The kind of "popular piety" that has built up around Padre Pio and other Church figures and relics, with its promise of special powers and healing the sick, is seen by some critics as veering toward superstition. Benedict has not condemned it, but he has made a point of slowing the output of his predecessor's so-called "saint factory," which during John Paul's 26-year papacy produced hundreds of canonizations.
Close observers of Benedict, however, argue that his focus on reconciling reason and faith does not favor one over the other. While he may not dwell on the popular Padre Pio, the Pope, explains Raphaela Schmid, a Rome-based German philosopher and student of Ratzinger's writings, recognizes that Catholicism's more popular manifestations and the religion's search for an intellectual basis "both have a place in the Church." Schmid says that Benedict has explained why it is "not irrational" to venerate the saints, or believe in miracles. "What you see in this is the language of the heart," she says of Ratzinger's reasoning. "The miracle is the trust."

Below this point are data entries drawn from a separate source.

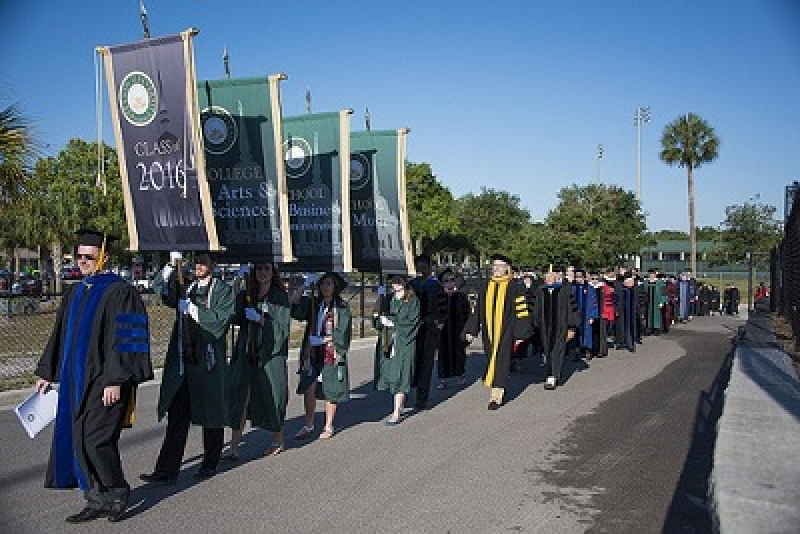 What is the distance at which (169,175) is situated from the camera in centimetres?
660

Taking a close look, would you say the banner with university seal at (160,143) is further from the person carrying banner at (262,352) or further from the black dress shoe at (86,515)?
the black dress shoe at (86,515)

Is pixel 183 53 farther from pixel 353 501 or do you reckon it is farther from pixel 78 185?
pixel 78 185

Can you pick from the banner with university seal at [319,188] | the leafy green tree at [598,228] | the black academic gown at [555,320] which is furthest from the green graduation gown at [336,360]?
the leafy green tree at [598,228]

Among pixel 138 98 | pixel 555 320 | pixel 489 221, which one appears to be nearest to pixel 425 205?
pixel 489 221

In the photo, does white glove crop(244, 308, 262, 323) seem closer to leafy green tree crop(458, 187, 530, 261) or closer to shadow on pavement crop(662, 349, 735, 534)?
shadow on pavement crop(662, 349, 735, 534)

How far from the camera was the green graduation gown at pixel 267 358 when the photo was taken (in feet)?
22.6

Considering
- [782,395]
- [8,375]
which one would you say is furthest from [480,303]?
[8,375]

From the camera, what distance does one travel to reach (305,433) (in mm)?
8047

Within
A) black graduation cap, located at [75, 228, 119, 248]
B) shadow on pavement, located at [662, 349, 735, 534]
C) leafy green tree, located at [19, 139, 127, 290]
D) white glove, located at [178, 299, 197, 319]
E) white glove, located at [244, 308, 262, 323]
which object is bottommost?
shadow on pavement, located at [662, 349, 735, 534]

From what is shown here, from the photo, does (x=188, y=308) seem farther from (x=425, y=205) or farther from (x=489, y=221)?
(x=489, y=221)

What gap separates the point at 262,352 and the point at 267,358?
87 millimetres

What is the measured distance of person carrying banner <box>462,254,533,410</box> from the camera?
1023 centimetres

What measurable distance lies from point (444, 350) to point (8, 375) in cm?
650

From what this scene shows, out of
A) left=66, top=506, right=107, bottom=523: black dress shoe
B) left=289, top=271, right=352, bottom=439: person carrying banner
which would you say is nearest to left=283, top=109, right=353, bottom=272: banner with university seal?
left=289, top=271, right=352, bottom=439: person carrying banner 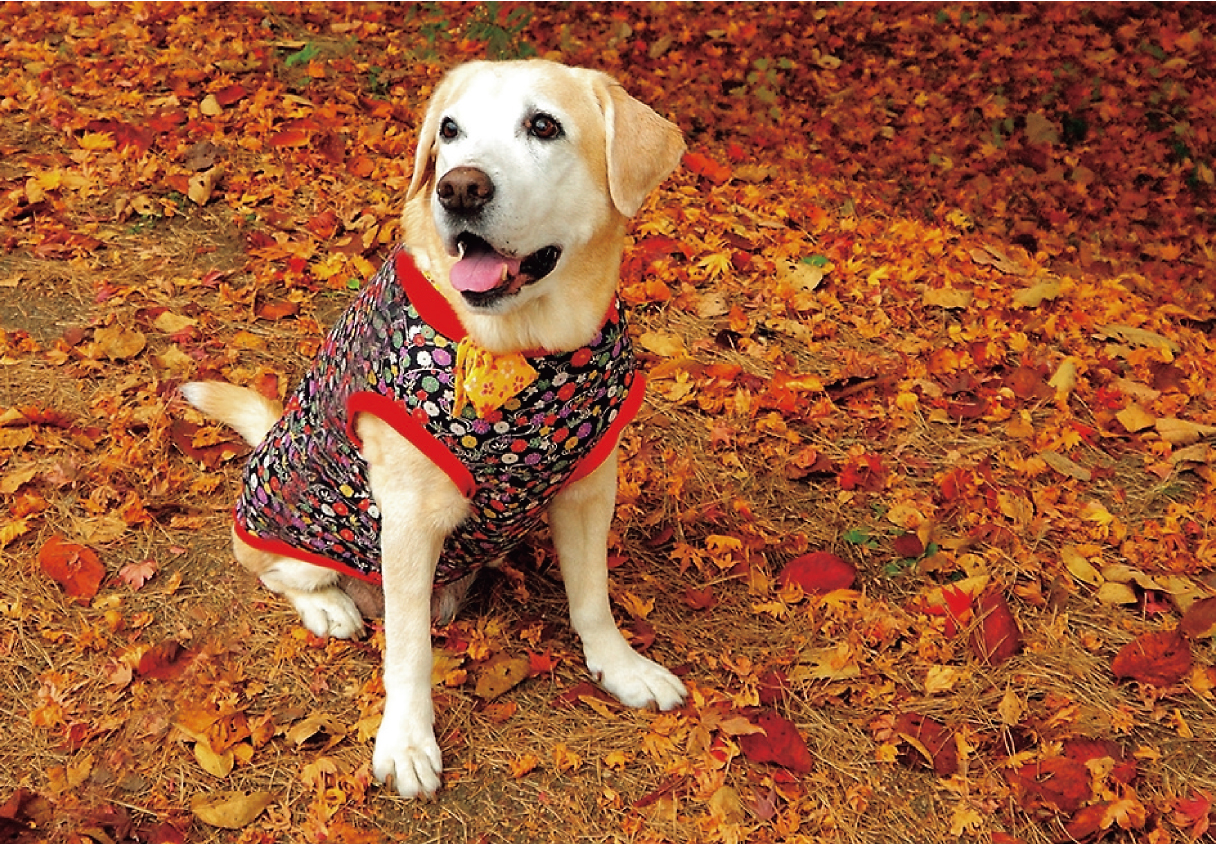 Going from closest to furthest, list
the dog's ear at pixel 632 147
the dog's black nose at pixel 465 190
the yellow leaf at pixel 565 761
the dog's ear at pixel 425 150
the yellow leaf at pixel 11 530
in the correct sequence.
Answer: the dog's black nose at pixel 465 190
the dog's ear at pixel 632 147
the dog's ear at pixel 425 150
the yellow leaf at pixel 565 761
the yellow leaf at pixel 11 530

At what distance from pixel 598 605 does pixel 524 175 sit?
54.6 inches

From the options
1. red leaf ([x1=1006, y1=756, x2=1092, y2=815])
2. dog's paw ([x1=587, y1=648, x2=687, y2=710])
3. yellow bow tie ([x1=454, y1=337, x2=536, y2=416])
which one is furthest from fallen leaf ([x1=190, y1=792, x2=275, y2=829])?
red leaf ([x1=1006, y1=756, x2=1092, y2=815])

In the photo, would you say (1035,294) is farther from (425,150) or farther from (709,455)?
(425,150)

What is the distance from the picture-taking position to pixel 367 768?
297 centimetres

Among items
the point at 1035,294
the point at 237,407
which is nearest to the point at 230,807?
the point at 237,407

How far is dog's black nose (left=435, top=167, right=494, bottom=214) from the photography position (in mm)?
2387

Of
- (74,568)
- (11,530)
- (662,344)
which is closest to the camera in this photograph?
(74,568)

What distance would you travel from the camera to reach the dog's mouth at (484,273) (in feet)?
8.15

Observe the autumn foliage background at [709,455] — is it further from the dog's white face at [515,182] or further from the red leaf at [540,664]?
the dog's white face at [515,182]

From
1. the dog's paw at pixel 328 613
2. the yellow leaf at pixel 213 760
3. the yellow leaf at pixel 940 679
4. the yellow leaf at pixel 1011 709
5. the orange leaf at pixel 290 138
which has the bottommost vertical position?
the yellow leaf at pixel 213 760

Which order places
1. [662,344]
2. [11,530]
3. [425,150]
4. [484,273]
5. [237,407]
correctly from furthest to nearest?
[662,344], [237,407], [11,530], [425,150], [484,273]

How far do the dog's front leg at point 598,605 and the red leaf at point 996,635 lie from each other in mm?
981

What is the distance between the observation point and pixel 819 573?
3646mm

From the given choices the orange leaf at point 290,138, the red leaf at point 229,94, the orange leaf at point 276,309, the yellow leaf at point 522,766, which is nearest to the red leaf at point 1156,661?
the yellow leaf at point 522,766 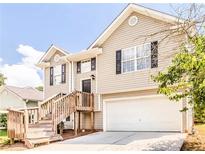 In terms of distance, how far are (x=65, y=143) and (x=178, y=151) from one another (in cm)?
390

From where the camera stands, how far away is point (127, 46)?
479 inches

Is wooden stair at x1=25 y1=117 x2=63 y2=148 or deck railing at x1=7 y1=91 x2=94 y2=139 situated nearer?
wooden stair at x1=25 y1=117 x2=63 y2=148

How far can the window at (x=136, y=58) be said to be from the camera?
11.6 metres

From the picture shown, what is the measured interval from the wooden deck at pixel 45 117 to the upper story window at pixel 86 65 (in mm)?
1184

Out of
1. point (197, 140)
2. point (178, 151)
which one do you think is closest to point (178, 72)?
point (178, 151)

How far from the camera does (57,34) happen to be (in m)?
12.0

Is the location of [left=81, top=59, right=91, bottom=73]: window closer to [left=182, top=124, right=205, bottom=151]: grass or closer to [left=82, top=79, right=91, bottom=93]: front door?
[left=82, top=79, right=91, bottom=93]: front door

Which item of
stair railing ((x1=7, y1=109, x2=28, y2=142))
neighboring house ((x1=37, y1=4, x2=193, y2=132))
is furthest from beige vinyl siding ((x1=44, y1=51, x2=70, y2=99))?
stair railing ((x1=7, y1=109, x2=28, y2=142))

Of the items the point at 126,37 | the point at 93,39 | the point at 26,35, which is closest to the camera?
the point at 26,35

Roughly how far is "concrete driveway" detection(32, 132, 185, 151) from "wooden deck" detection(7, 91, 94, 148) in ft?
1.86

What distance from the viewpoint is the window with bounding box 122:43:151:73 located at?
1156 centimetres

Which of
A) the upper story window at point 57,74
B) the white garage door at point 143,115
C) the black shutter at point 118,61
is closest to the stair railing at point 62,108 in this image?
the white garage door at point 143,115

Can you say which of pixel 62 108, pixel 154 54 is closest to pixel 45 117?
pixel 62 108

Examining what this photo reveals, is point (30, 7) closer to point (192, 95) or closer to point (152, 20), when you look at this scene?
point (152, 20) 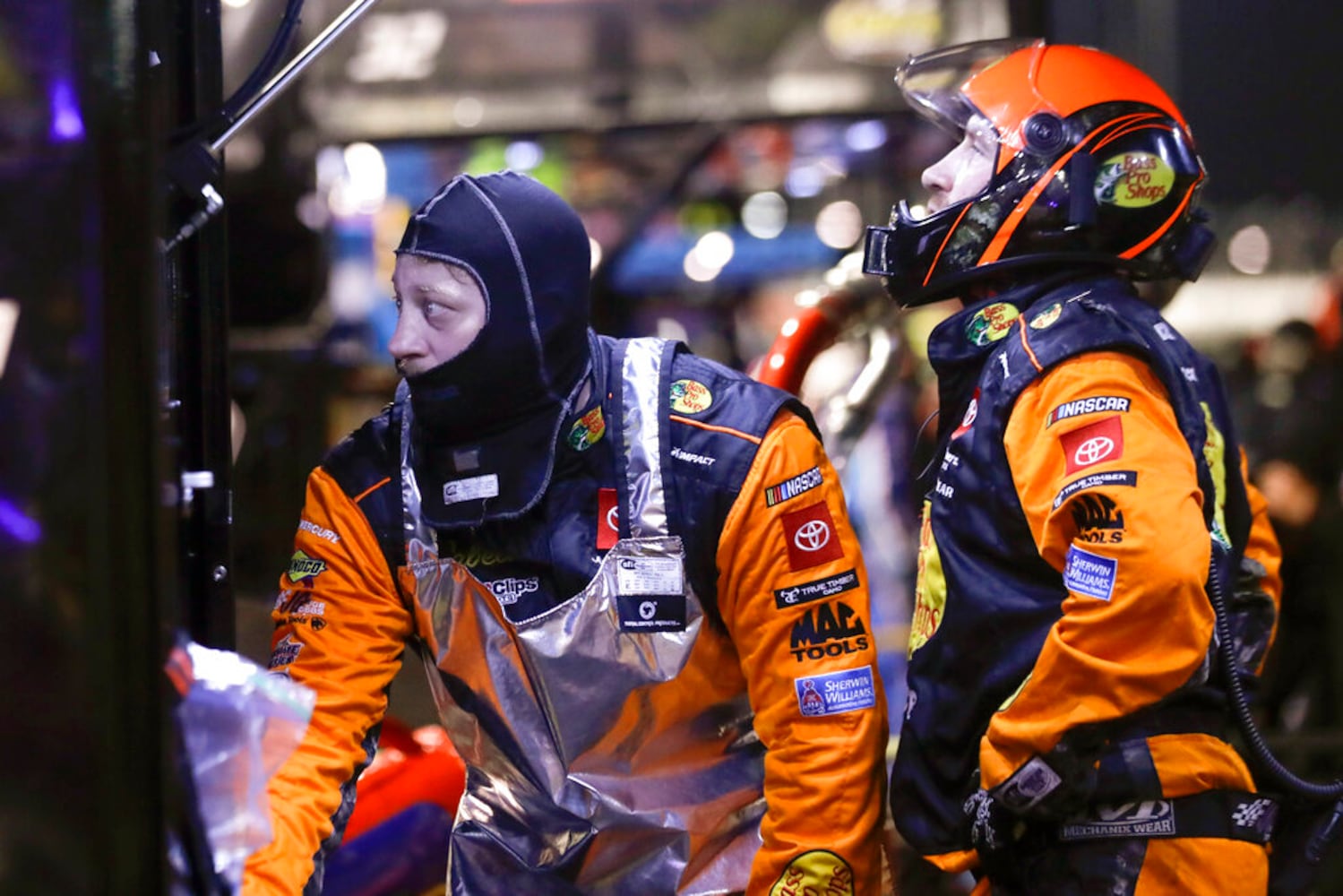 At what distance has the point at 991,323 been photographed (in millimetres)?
2287

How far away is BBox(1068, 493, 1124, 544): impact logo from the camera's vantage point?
76.6 inches

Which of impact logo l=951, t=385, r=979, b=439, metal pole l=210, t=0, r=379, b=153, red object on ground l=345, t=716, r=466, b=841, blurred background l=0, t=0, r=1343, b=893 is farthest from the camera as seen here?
red object on ground l=345, t=716, r=466, b=841

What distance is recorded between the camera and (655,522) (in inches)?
88.4

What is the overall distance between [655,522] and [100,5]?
4.21 ft

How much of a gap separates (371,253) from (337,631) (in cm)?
633

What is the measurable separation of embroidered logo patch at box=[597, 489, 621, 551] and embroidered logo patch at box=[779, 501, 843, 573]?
0.27 metres

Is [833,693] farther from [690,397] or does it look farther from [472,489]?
[472,489]

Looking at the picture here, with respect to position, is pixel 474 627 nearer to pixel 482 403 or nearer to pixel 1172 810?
pixel 482 403

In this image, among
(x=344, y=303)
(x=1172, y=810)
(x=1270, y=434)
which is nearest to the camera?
(x=1172, y=810)

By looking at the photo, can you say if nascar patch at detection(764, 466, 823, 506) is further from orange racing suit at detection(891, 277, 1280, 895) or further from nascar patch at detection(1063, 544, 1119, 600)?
nascar patch at detection(1063, 544, 1119, 600)

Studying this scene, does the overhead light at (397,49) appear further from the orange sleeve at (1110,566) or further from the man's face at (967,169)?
the orange sleeve at (1110,566)

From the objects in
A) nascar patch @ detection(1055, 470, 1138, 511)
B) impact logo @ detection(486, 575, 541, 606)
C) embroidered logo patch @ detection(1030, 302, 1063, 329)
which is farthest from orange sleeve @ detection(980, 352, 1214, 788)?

The kind of devotion that Padre Pio's followers display is not excluded in the Ratzinger recipe for spreading the gospel. Indeed such open-hearted faith, and saint worship itself, is intrinsic to the Pope's message. He wrote of saints in his last encyclical, Spe Salvi or "Saved by Hope." In his recently completed visit to the United States, the saints were the focus of his talk to young people and seminarians in Yonkers, New York. "Fix your gaze on our saints. The diversity of their experience of God's presence prompts us to discover anew the breadth and depth of Christianity," Benedict said. "Let your imaginations soar freely along the limitless expanse of the horizons of Christian discipleship. Sometimes we are looked upon as people who speak only of prohibitions. Nothing could be further from the truth! Authentic Christian discipleship is marked by a sense of wonder."
Still, every Pope has his favorite saints. Benedict's leans most of all toward St. Augustine, the fourth-century philosopher Father of the Church, whom he regularly cites in his homilies. Last year, Benedict made a pilgrimage to Pavia to pray at Augustine's relics there. And he is not excluding other sites of miracles from his future journeys. In September, Benedict is slated to visit Lourdes, the French town where millions of sick and disabled Catholics go each year to seek healing from a spring revealed by the Virgin Mary.